EXERCISE PROMPT: The required output is the exact run of lines in the listing below from the line holding "Meanwhile, the product" through the line holding "Hi, I am glad", with no pictures.

*** Block opens ***

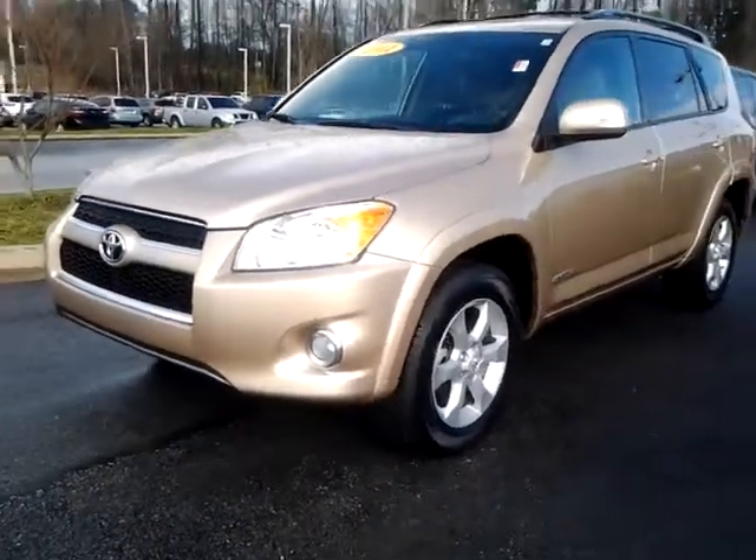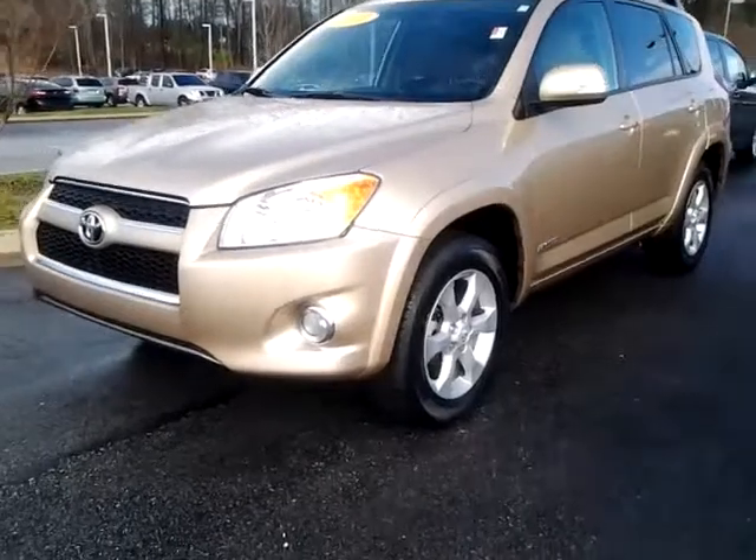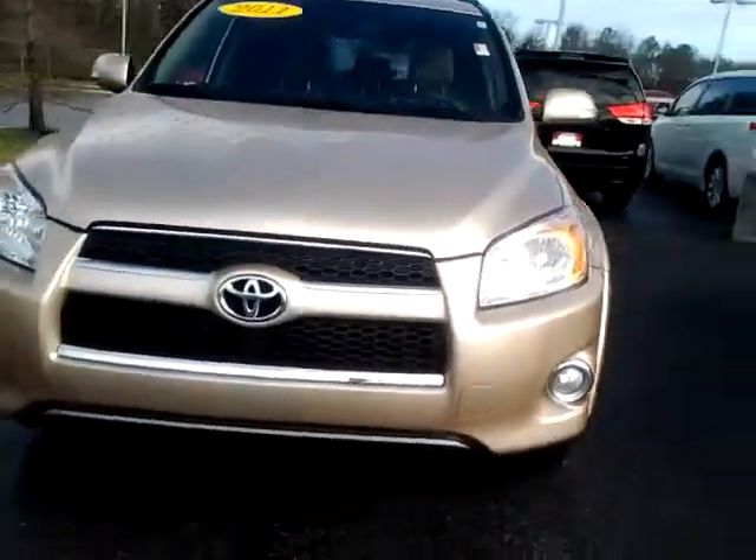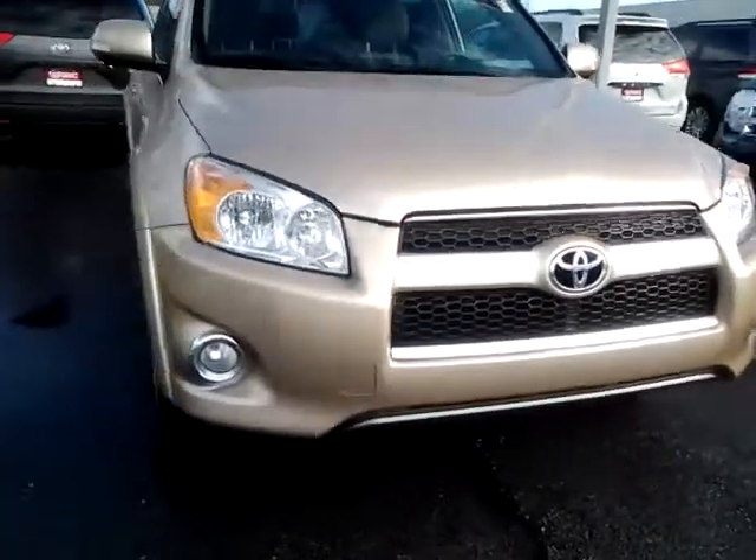Hi Judy, this is Alan here at LaGrange Toyota. Good morning. I wanted to give you a brief walk around of this 2011 Toyota RAV4 — it is one of the other pre-owned ones I mentioned to you.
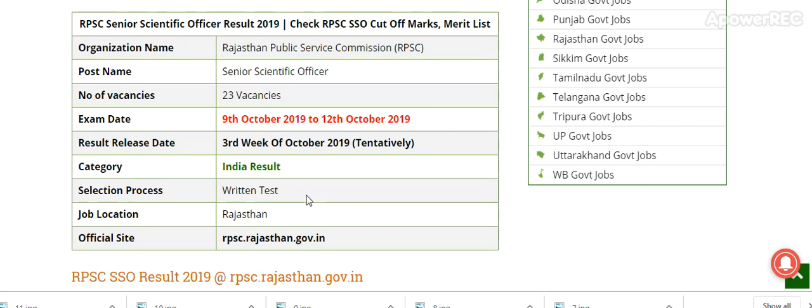The result will be released in the 3rd week of October 2019. You just subscribe my channel and I will provide you the information about the result as soon as it is released.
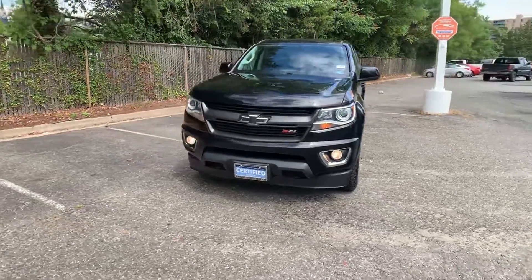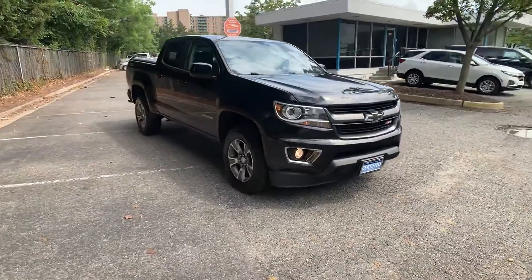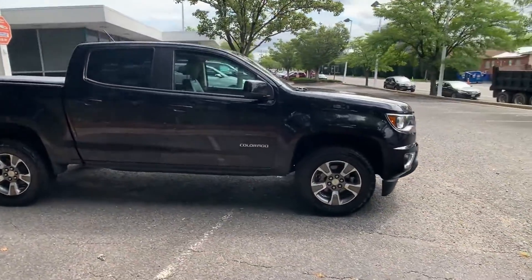2018 Chevrolet Colorado with less than 70,000 miles on the odometer. This pickup truck offers two full rows of seating for premium comfort.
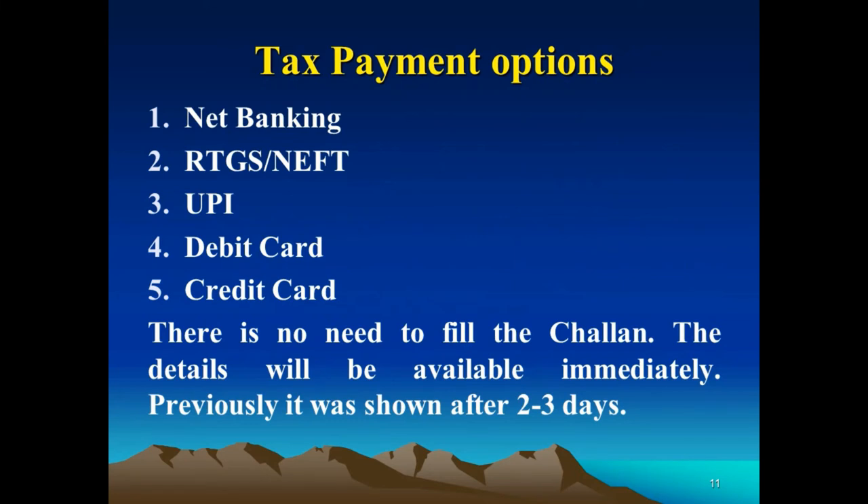Tax payment options include net banking, RTGS, NEFT, UPI, debit cards, or credit cards. Importantly, there is no need to fill in the challan. The payment detail will be available immediately, whereas previously it took 2-3 days to reflect. So now one can pay the tax and immediately file the ITR without waiting.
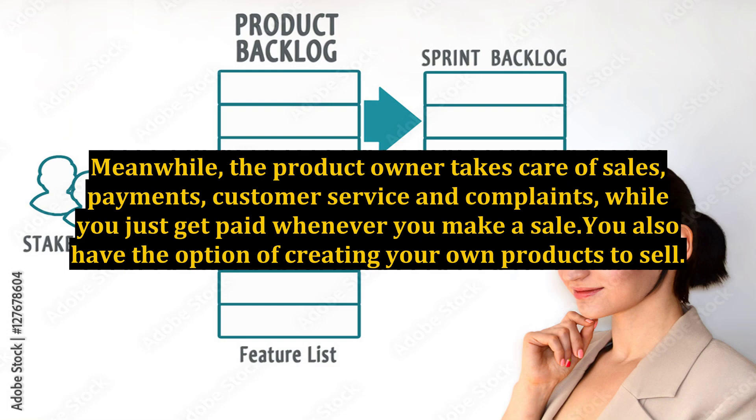Meanwhile, the product owner takes care of sales, payments, customer service and complaints, while you just get paid whenever you make a sale. You also have the option of creating your own products to sell.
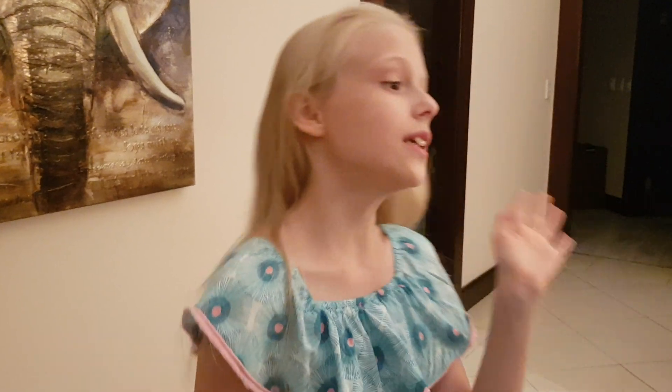Hey guys, welcome back to my channel! Today I'm going to give you guys a room tour of my room. I just had my hair washed so bear with me as we go through.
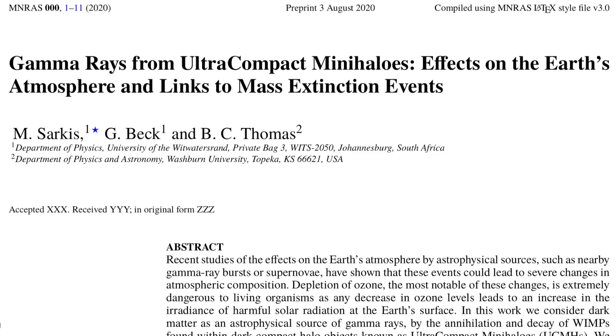A moment of levity as we look at a paper exploring the possibility that dark matter interactions and collisions in space could cause gamma rays and affect Earth extinctions, only to eventually conclude that no, NOVA events are the more likely explanation. Well played.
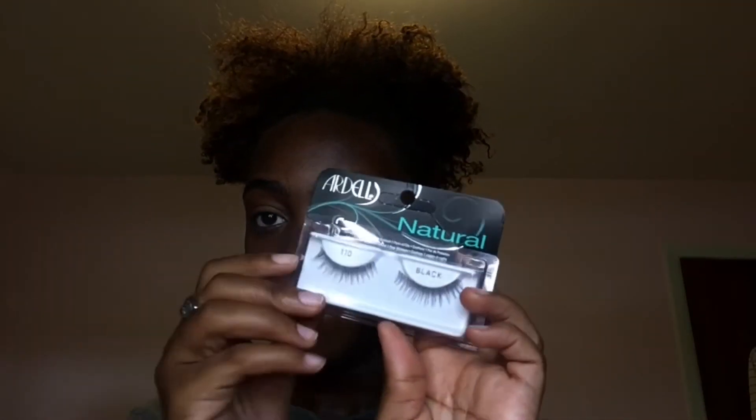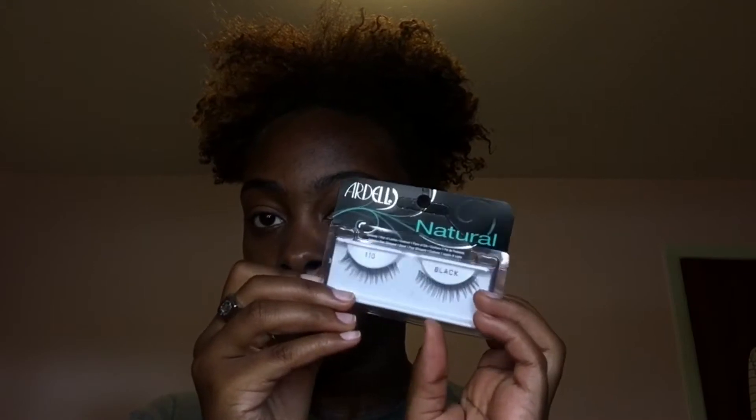If I wanted to amp this look up I would usually add a nice natural pair of lashes, but I don't feel like it today so I'm tossing them to the side. Instead, I'm just adding some mascara to bring that volume. This is the Essence Get Big Lashes mascara — it really lengthens my lashes and clumps them together nicely to bring that volume and definition that false lashes would give.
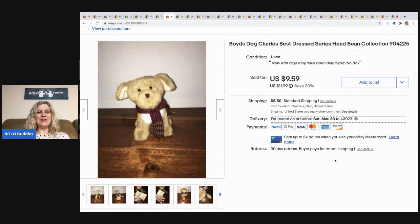My little Boyd's Bear — I like the Boyd's plush. This came from a lot of Boyd's Bear plush I purchased a long time ago at a garage sale. I had about a buck in this and I took a best offer of $9 and the buyer paid shipping.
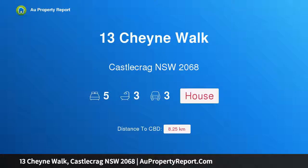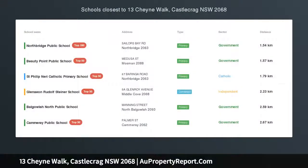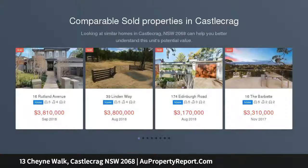Hi, I am glad to introduce Property 13 Cheyne Walk, Castlecrag NSW 2068 — relaxed waterfront reserve luxury, captivating Middle Harbour views, transformed by a designer's touch.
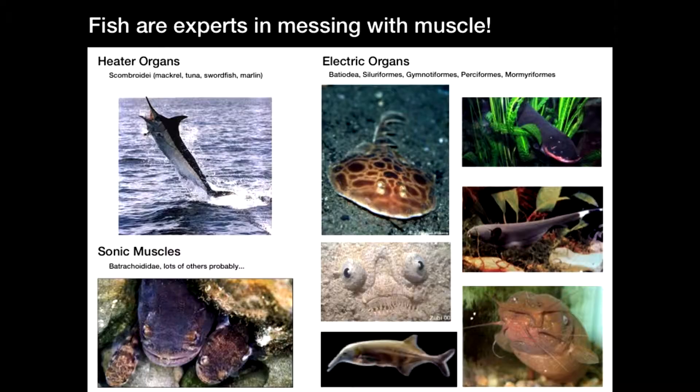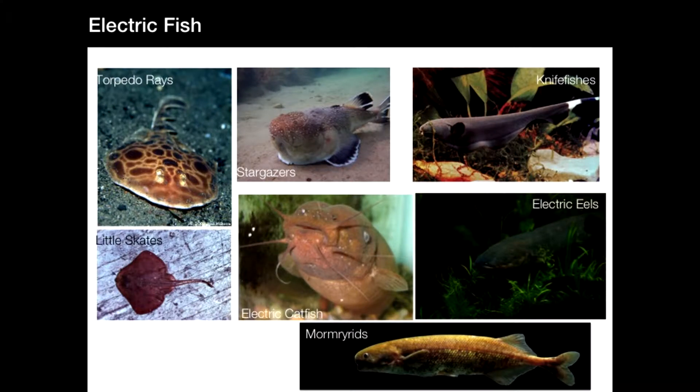Electric fish are part of a broader nexus of fishes doing weird things with their tissues, particularly muscle. Fishes have invented all sorts of interesting organs involving muscle to achieve different physiological outcomes — for instance, heater organs and sonic muscles. There are also several lineages of fishes that can produce electric fields outside their body. In total, about six lineages of electric fishes in vertebrate history have evolved the ability to produce electric discharges independently from each other — a staggering number of times for an entire organ system.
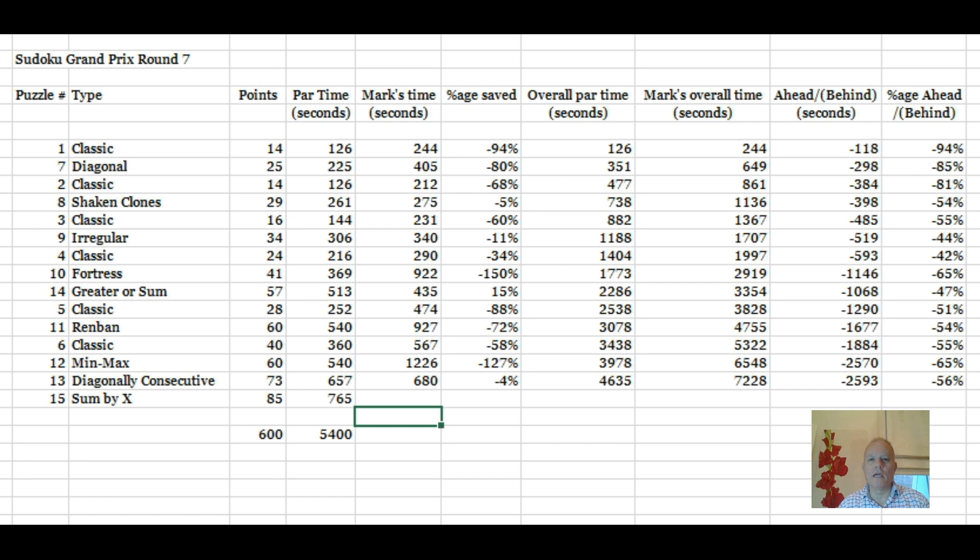Hello and welcome back to Cracking the Cryptic. Today I'm going to try to wrap up the Sudoku Grand Prix that I've been attempting against the clock. There were 15 puzzles in total. To achieve the set time you get 90 minutes online, in which you have to submit your answers, so practically you get about 87 minutes. My time so far is just going over two hours, so I'm 30 minutes over with one puzzle left.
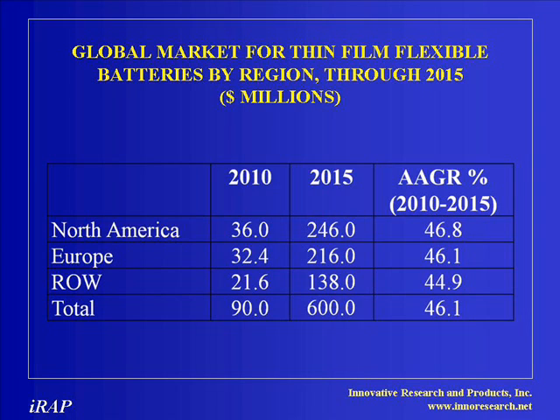Thin film lithium and lithium-ion batteries are ideally suited for a variety of applications where small power sources are needed. By using the available space within a device, the battery can provide the required power while occupying otherwise wasted space and adding negligible mass. The global market for thin film batteries is expected to reach $90 million in 2010.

*** Block closes ***

EXERCISE ANSWER:
Meanwhile, the product owner takes care of sales, payments, customer service and complaints, while you just get paid whenever you make a sale. You also have the option of creating your own products to sell.
Hey guys, welcome back to my channel! Today I'm going to give you guys a room tour of my room. I just had my hair washed so bear with me as we go through.
A moment of levity as we look at a paper exploring the possibility that dark matter interactions and collisions in space could cause gamma rays and affect Earth extinctions, only to eventually conclude that no, NOVA events are the more likely explanation. Well played.
If I wanted to amp this look up I would usually add a nice natural pair of lashes, but I don't feel like it today so I'm tossing them to the side. Instead, I'm just adding some mascara to bring that volume. This is the Essence Get Big Lashes mascara — it really lengthens my lashes and clumps them together nicely to bring that volume and definition that false lashes would give.
My little Boyd's Bear — I like the Boyd's plush. This came from a lot of Boyd's Bear plush I purchased a long time ago at a garage sale. I had about a buck in this and I took a best offer of $9 and the buyer paid shipping.
Hi, I am glad to introduce Property 13 Cheyne Walk, Castlecrag NSW 2068 — relaxed waterfront reserve luxury, captivating Middle Harbour views, transformed by a designer's touch.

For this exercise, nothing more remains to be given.